Still, Ginny experienced much light and joy in these next years of her life. She was recruited to play for her favorite team, she grew ever closer to her family, her world began to fill with nieces and nephews, and she fell back in love (as if she had ever fallen out of it) with the man she wanted to walk beside forever. Eventually, she and Harry were married and started a family of their own. While Ginny kept doing the job that she loved, she found a part of herself that she didn’t know existed in becoming a mother. Her fiery temper and reckless streak didn’t disappear, but were partnered with a tenderness and sense of fear that became constant companions. She discovered that dueling Bellatrix Lestrange wasn’t half so frightening as having your heart walk outside of your body, which was what motherhood felt like for her.

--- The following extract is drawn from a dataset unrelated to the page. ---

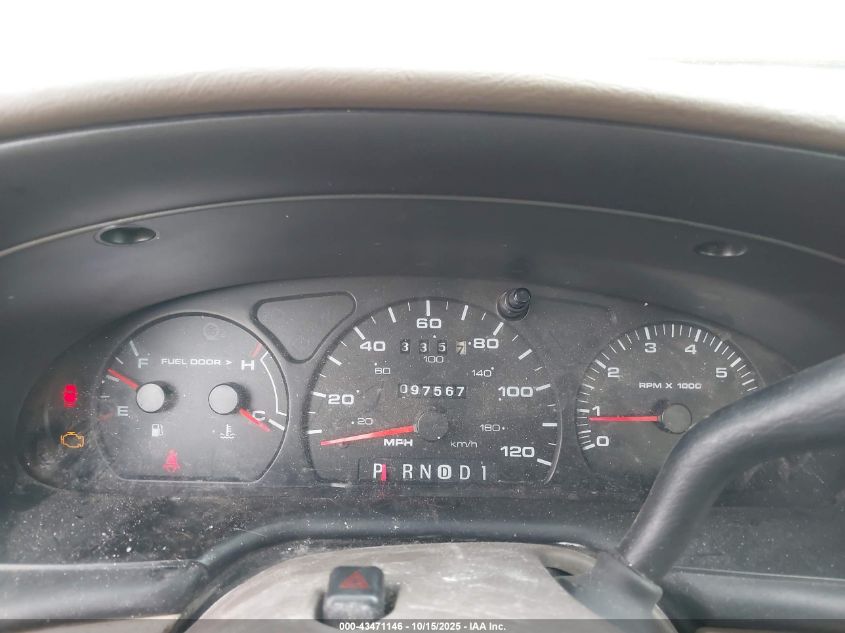 2000 Ford Taurus Se VIN: 1FAFP53U0YG280643 Lot: 43471146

The Potter family settled into a happy little life, finally free from darkness and fear, full of light and life and love. Little did they know what was coming to threaten all of that.
Current:
Ginny was not prepared for darkness and conflict to creep back into her life and rob her children of a carefree young adulthood, but that doesn’t mean she isn’t ready to fight in order to restore her world once more.
OTHER
Random little headcanons I have for Ginny
✨Ginny has a notorious sweet tooth; she needs to eat something sweet at least once a day ✨ Harry does most of the cooking, but Ginny has mastered the art of baking bread, and the smell lingers around their house because of how often she has to stick a new loaf in the oven after her family devours the latest one ✨ If Ginny had her way, she would go barefoot all the time, but since she can’t, she wears sandals whenever she gets the chance ✨ Ginny prefers muggle jeans to wizarding robes, and now that she doesn’t have to basically live in her quidditch robes, she’s most often found in jeans, a sweater, and her birkenstocks – with or without socks (she’s very hip in muggle fashion) ✨ Ginny is not a morning person. Harry has to lure her out of bed with the smell of freshly brewed coffee. When she has to be out of the house really early for morning practices, Harry wakes up to brew her coffee and then goes back to bed once she’s up ✨ Ginny doesn’t really drink. When she was pregnant with Albus, she realized that she actually preferred butterbeer anyway, so she sticks to that. ✨ Ginny has one on one tea with her mum every week, and always stops by her father’s work shed on the way out to see his latest project. ✨ Ginny convinced Harry to let them get a cat, and she promptly named it Minnie (after Minerva McGonagall, of course. Minnie’s become another member of the family. ✨ Ginny loves the ocean, and spent as much time as she could at shell cottage when the kids were all young. Now she makes the family go on vacation to the coast every summer. ✨ Ginny found that after Albus was born, she wanted a daughter just as much as her own mother had wanted her. When Lily was young, Ginny would dress them up in matching outfits and stick her tongue out at Harry whenever he made fun of her for it.